▶ [Input data]:
▼
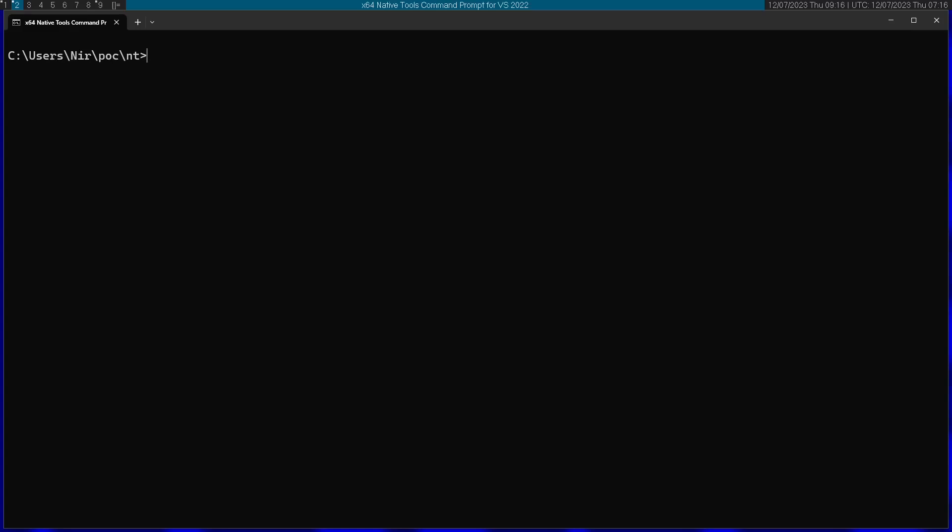I'm going to use NASM again to assemble this. Let's link this. But this time I'm going to link this with NTDLL.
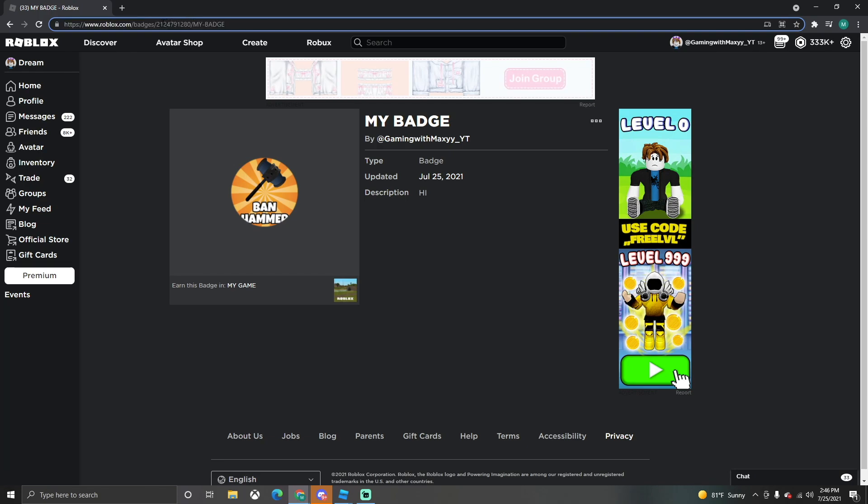And we want to take just the ID, so just these numbers right there. I want to Control C on that.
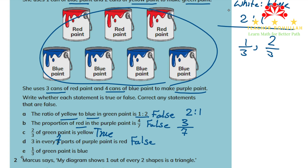In part E, it says one third of green paint is blue. This is correct, because out of three cans, one of them is blue. In part C, it says two thirds of green paint is yellow. This is also true, because we have three cans and out of three, two of them are yellow. We are done with question one.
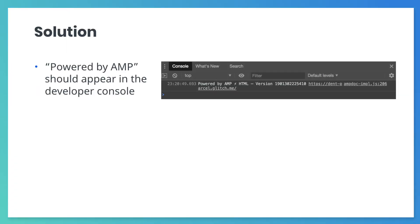If you've completed all the steps above, congratulations. Your page is almost a valid AMP page. If you open your page, open Chrome DevTools, and select the console tab, you should see a 'Powered by AMP' message.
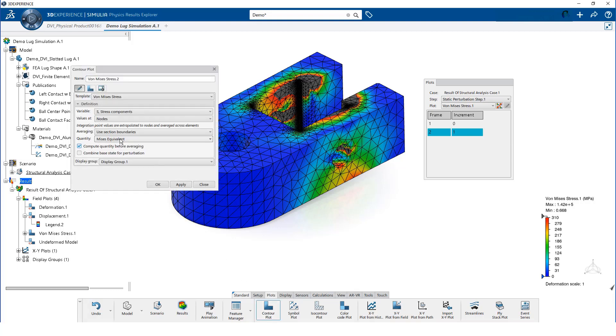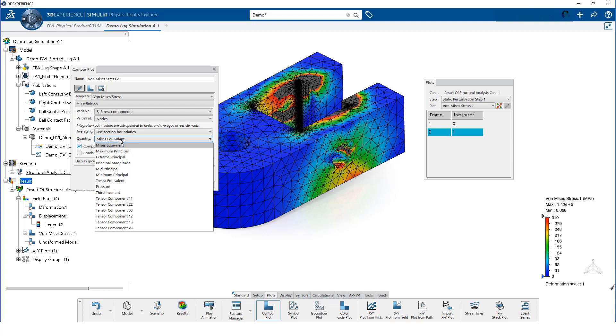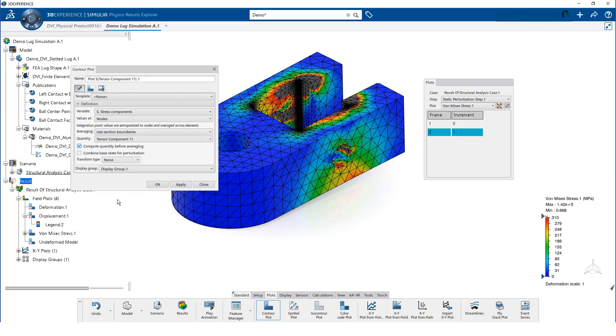We select the tensor component when 1 is the quantity. This will plot the stress in the x-direction.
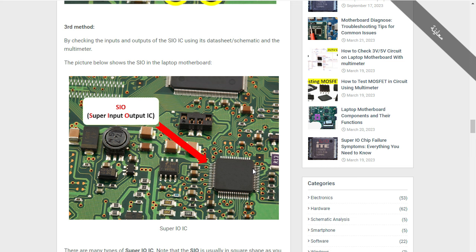The picture here shows the SIO on the laptop motherboard. You will usually find the SIO near the ICH and the BIOS. Around the SIO you can see several ceramic capacitors, resistors, a diode — this is the cathode and here is the anode — and a tantalum capacitor, which is a polarized capacitor with a positive and negative terminal.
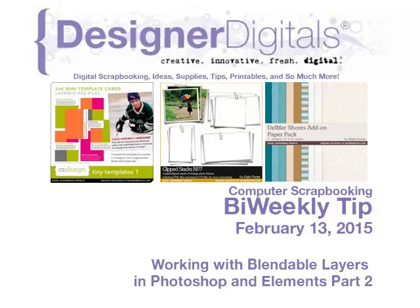Welcome to Designer Digital's Bi-Weekly Tip, February 13, 2015. This week, working with Blendable Layers in Photoshop and Elements, Part 2.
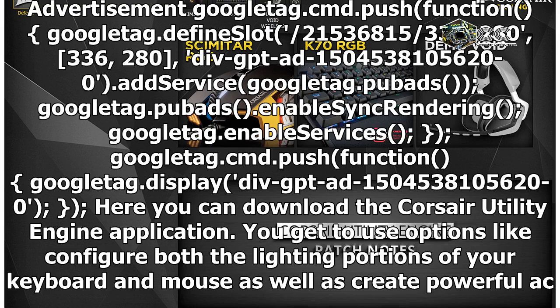Google Tag.pub ads. Enable sync rendering, Google Tag.enable services, Google Tag.cmd.push function, Google Tag.display div GPT add 1,504,538,105,620.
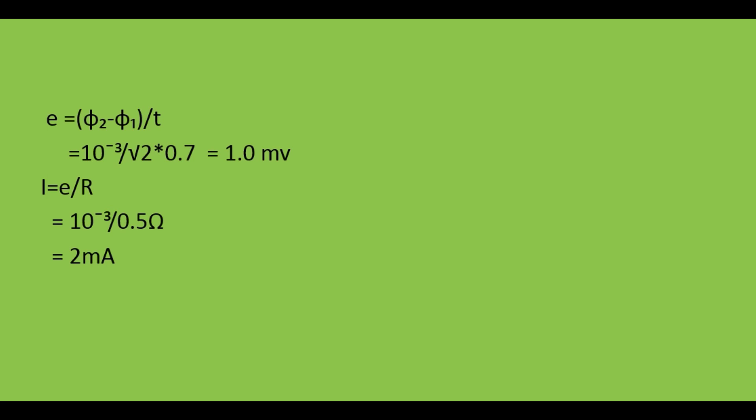Now find the current I. Current I equals voltage divided by resistance, so I equals E divided by R. Substituting E equals 1.0 millivolt, which is 10 to the power minus 3, divided by resistance 0.5 ohm. Dividing, we get I equals 2 milliampere. That's all friends, thank you.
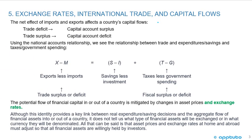The net effect of imports and exports affects a country's capital flows. If there's a trade deficit, there has to be a capital account surplus, and if there's a trade surplus, there's going to be a capital account deficit. Using the national accounts relationship, we see the relationship between trade and expenditures, savings and taxes, and government spending.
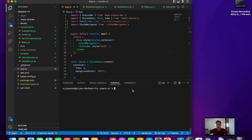Welcome to day 5 of the Zomato application build. In this video we will be exploring the Context API, which we will be using to add items to our cart as well as delete items from our cart. In the previous video we designed the menu system and did the implementation for increasing and decreasing the quantity for a particular item using the plus and minus buttons inside the menu list.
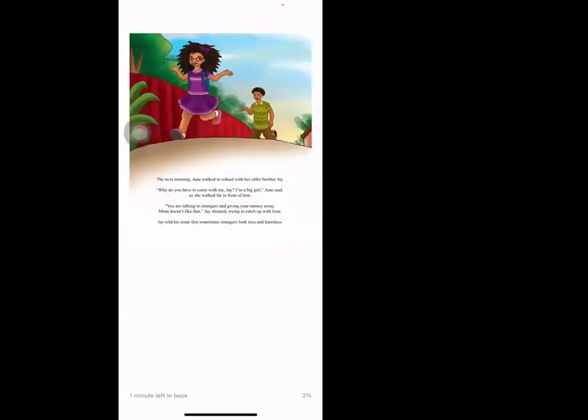The next morning June walked to school with her older brother Jay. 'Why do you have to come with me, Jay? I'm a big girl,' June said as she walked far in front of him. 'You're talking to strangers and giving your money away. Mom doesn't like that,' Jay shouted, trying to catch up with June. Jay told his sister that sometimes strangers look nice and harmless.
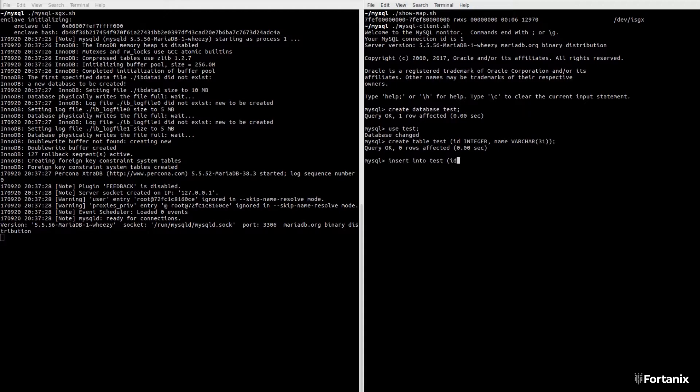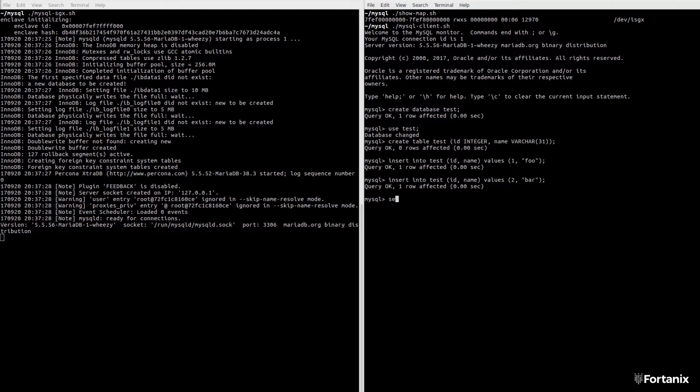We can interact with this server over TCP just like any other MySQL server. We can create a table, insert some data, and retrieve the data. All of the data is sent between the client and the MySQL instance in the enclave over a secure TLS channel.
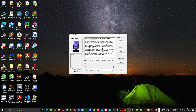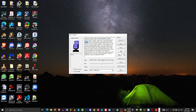Hey guys. I want to show you this great text to speech program called eSpeak. eSpeak is a free and open source text to speech emulator, which comes with two pre-installed voices, and you can add in as many voices as you want.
▲
Go back to the entries above and restate word for word every line from the first through the one that contains "And we want", leaving the pictures behind.

I'm going to use NASM again to assemble this. Let's link this. But this time I'm going to link this with NTDLL.
And we want to take just the ID, so just these numbers right there. I want to Control C on that.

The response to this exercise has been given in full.